AI for in-house legal teams: contract review and RAG

The legal department of a mid-sized manufacturing company receives between 40 to 120 contracts for review each month: NDAs, supplier agreements, amendments, orders. Most are standard documents where the lawyer looks for deviations from the company template. Reading them page by page takes dozens of hours monthly, which can be shortened if AI performs the first pass and flags areas requiring attention.

At Cashcrown, we’ve been studying these patterns for several years. Below, we describe what works, where the hard limits are, and what an architecture that doesn’t create regulatory risk looks like.

Triage and contract review

Triage is the first step: before the lawyer opens the file, the system classifies the document by type (NDA, framework agreement, order, amendment), priority, and degree of deviation from the template.

The classifier assigns the document to a category based on content, not the file name.
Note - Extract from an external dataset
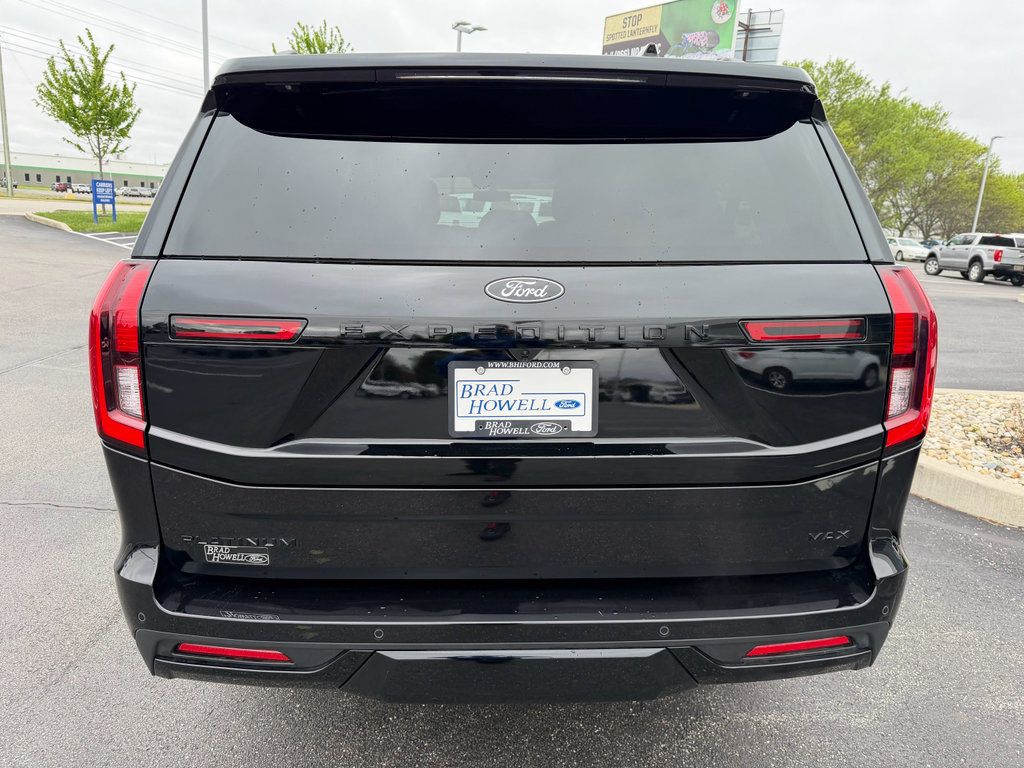 Used 2026 Ford Expedition Max Platinum w/ Stealth Appearance Package AWD/4WD image 7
This is important because suppliers often name contracts ambiguously or upload them as scans without titles.

After classification, the system compares clauses with the company’s template for that document type. Deviations are added to a review list with the page number and risk level assessment (low / medium / high based on predefined criteria). The lawyer sees first what truly differs from the standard, not the entire text from the beginning.

The hard limit here: AI flags deviations but does not assess whether the deviation is acceptable in the context of that specific business relationship, negotiation history, and company priorities. That legal assessment belongs to the lawyer.
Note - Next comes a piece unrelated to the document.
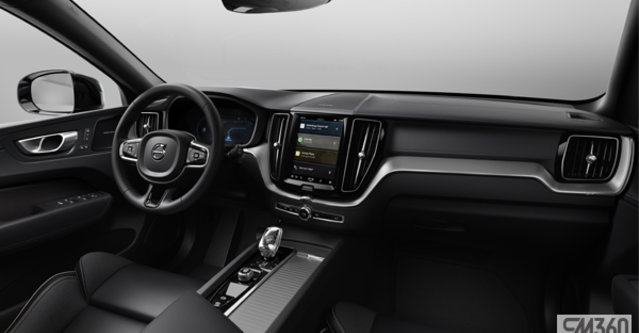 VOLVO XC60 ULTIMATE BLACK EDITION 2024 - Vue intrieure - 3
Clause extraction and obligation tracking

Data extraction from contracts is one of the most mature AI use cases in law. Contracts have predictable structures, repetitive clauses, and defined fields that need to be extracted: effective dates, termination deadlines, contractual penalties, value thresholds, contracting parties, jurisdiction.

For in-house teams, the most valuable output is a register of obligations and deadlines. After processing the contract portfolio, the system creates a table with expiration dates, termination deadlines, and recurring obligations (e.g., quarterly reporting requirements). An alert is sent to the lawyer or process owner 30-60 days before the deadline.
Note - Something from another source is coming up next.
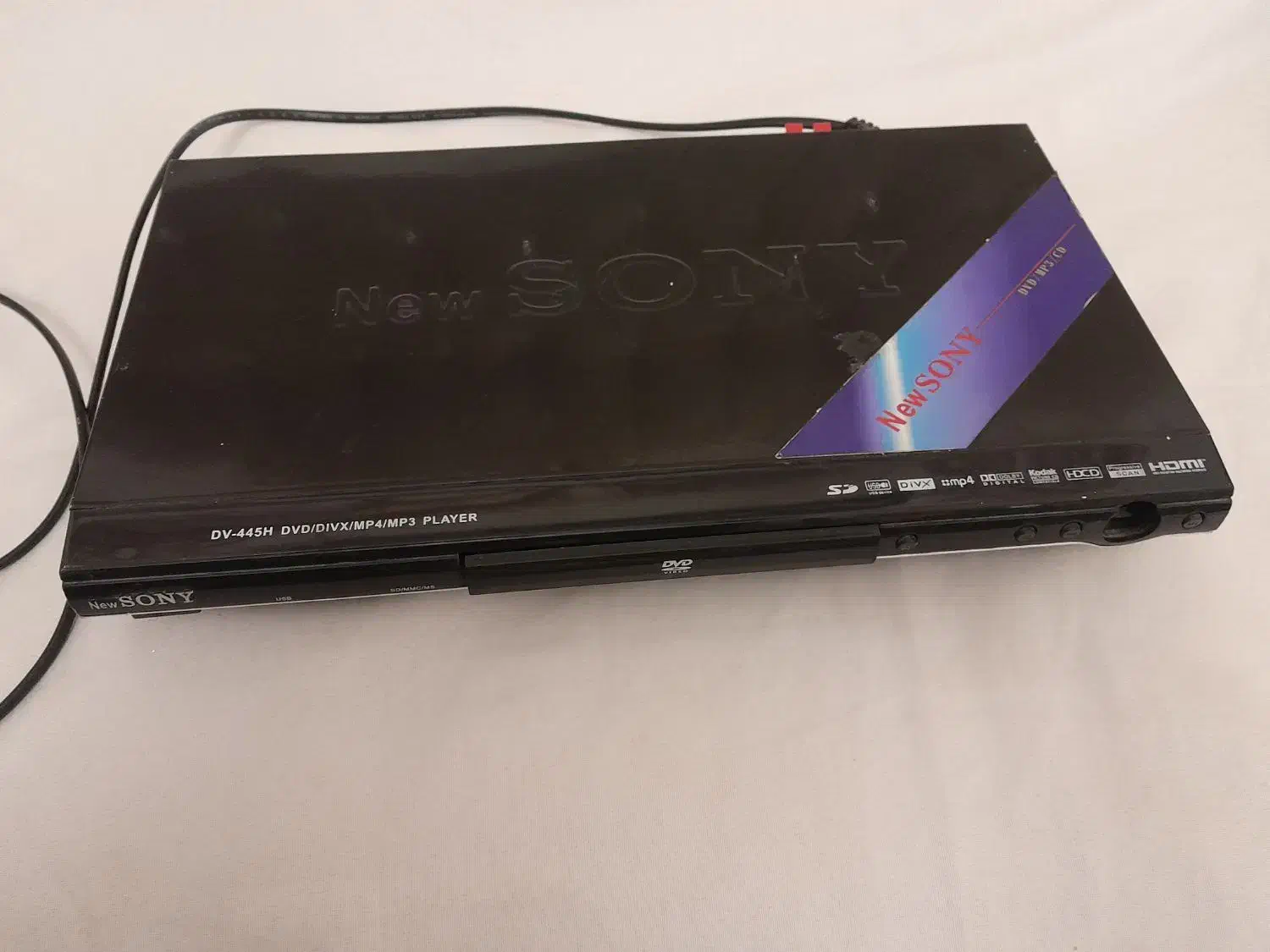 دی وی دی سونی|پخش‌کننده DVD و ویدیو|کوهدشت, |دیوار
A few caveats we observe in pilots:

Deadlines stated in words rather than dates (e.g., “six months from the signing date”) require separate calculation logic and often need verification, as the signing date may not be in the digital document.
Contracts with conditional expiration clauses (e.g., “the agreement expires when condition X is met”) are flagged by the system instead of being interpreted independently. This is correct behavior.
Amendments without the full text of the modified document result in incomplete extraction. The index must include the main agreement and all amendments linked as a single source document.

The lawyer verifies extraction for clauses marked as “low confidence” and approves the register before data is entered into the deadline tracking system.

RAG on company documents: internal policy assistant

In-house legal teams also answer internal questions: whether an NDA can be signed with a company from jurisdiction X, what the company policy is on non-compete clauses, what the internal procurement regulations say about approval thresholds.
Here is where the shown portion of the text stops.